Updated verbly (transform tokens)

author: Kelly Rauchenberger <fefferburbia@gmail.com> 2017-11-08 11:38:23 -0500
committer: Kelly Rauchenberger <fefferburbia@gmail.com> 2017-11-08 11:38:23 -0500
commit: 8bcea38de87292681d32eff488c954e37dda6bbe (patch)
tree: d87c727da19acd0e0ccf65113875f1c590cf7dd5 /sentence.cpp
parent: 3d5c1c5d35e3934faffeb63790a8fd494518a979 (diff)

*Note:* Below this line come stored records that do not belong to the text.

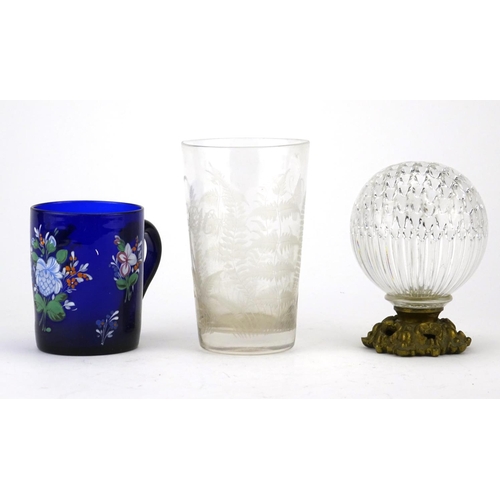 464 - Antique glassware including a Bristol Blue mug, hand painted with flowers and a beaker etched with a... 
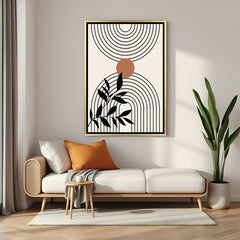 Golden frame canvas wall art featuring leaf stem, centered circle and circular lines in boho style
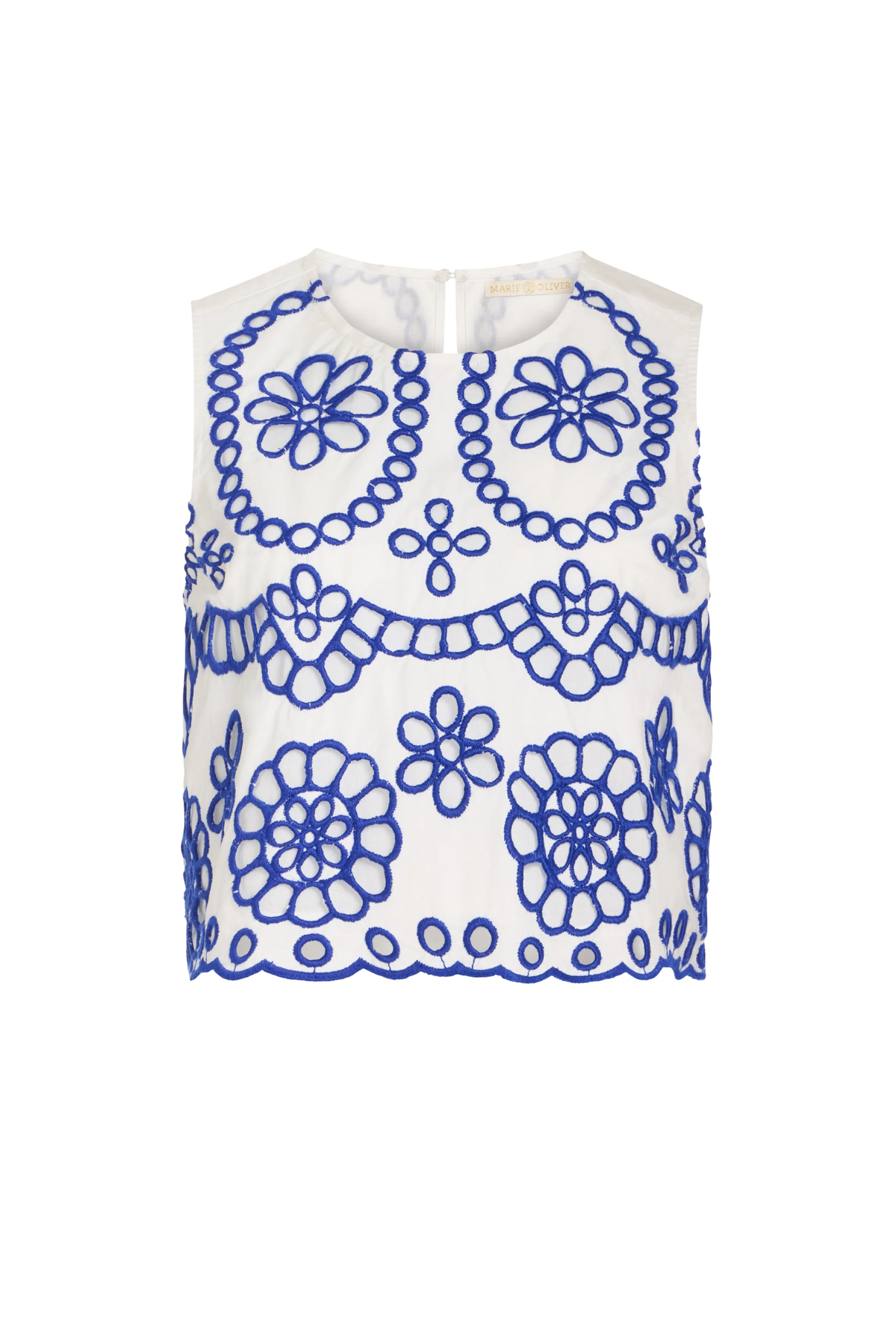 White sleeveless top with blue floral patterns on a white background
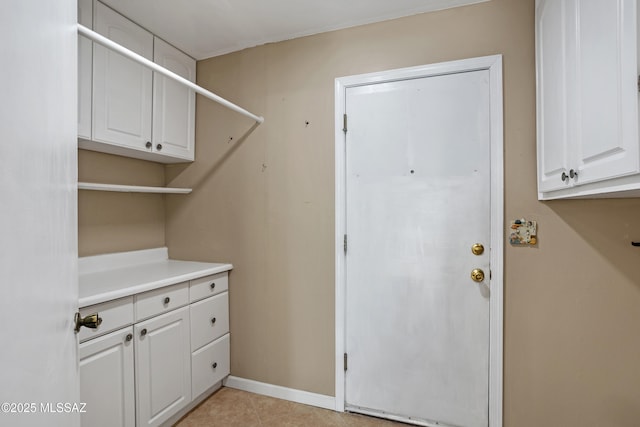 washroom with light tile patterned floors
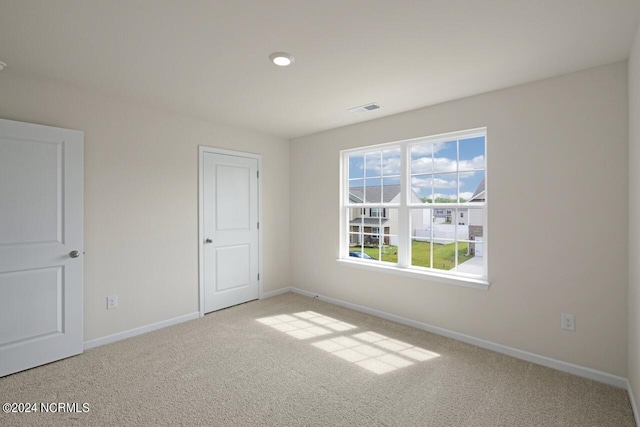 spare room featuring visible vents, carpet flooring, and baseboards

download: advice-8bcea38de87292681d32eff488c954e37dda6bbe.tar.gz
advice-8bcea38de87292681d32eff488c954e37dda6bbe.tar.bz2
advice-8bcea38de87292681d32eff488c954e37dda6bbe.zip
1 files changed, 59 insertions, 80 deletions
diff --git a/sentence.cpp b/sentence.cpp
index 5f1b03a..a9b40c2 100644
--- a/sentence.cpp
+++ b/sentence.cpp

@@ -9,6 +9,19 @@ sentence::sentence(
    database_(database),
    rng_(rng)
 {
+  verbly::filter blacklist;
+  for (std::string word : {
+    "raped", "Negro"
+  })
+  {
+    blacklist |= (verbly::form::text == word);
+  }
+  badWords_ = !blacklist;
+   // Blacklist ethnic slurs
+  badWords_ &= !(verbly::word::usageDomains %= (verbly::notion::wnid == 106718862));
 }
 std::string sentence::generate() const
@@ -51,54 +64,18 @@ std::string sentence::generate() const
    form << secondSyn;
  }
-  // Attempt to compile the form, restarting if a bad word is generated.
+  // Compile the form.
-  std::set<std::string> badWords = {"raped"};
+  verbly::token tok = verbly::token::capitalize(
+    verbly::token::casing::title_case, form);
-  verbly::token tok = form;
+  while (!tok.isComplete())
-  std::list<std::string> words;
-  for (;;)
  {
-    // Compile the form.
+    visit(tok);
-    while (!tok.isComplete())
-    {
-      visit(tok);
-    }
-    std::string compiled = tok.compile();
-    words = verbly::split<std::list<std::string>>(compiled, " ");
-    // Ensure that there are no bad words in the output.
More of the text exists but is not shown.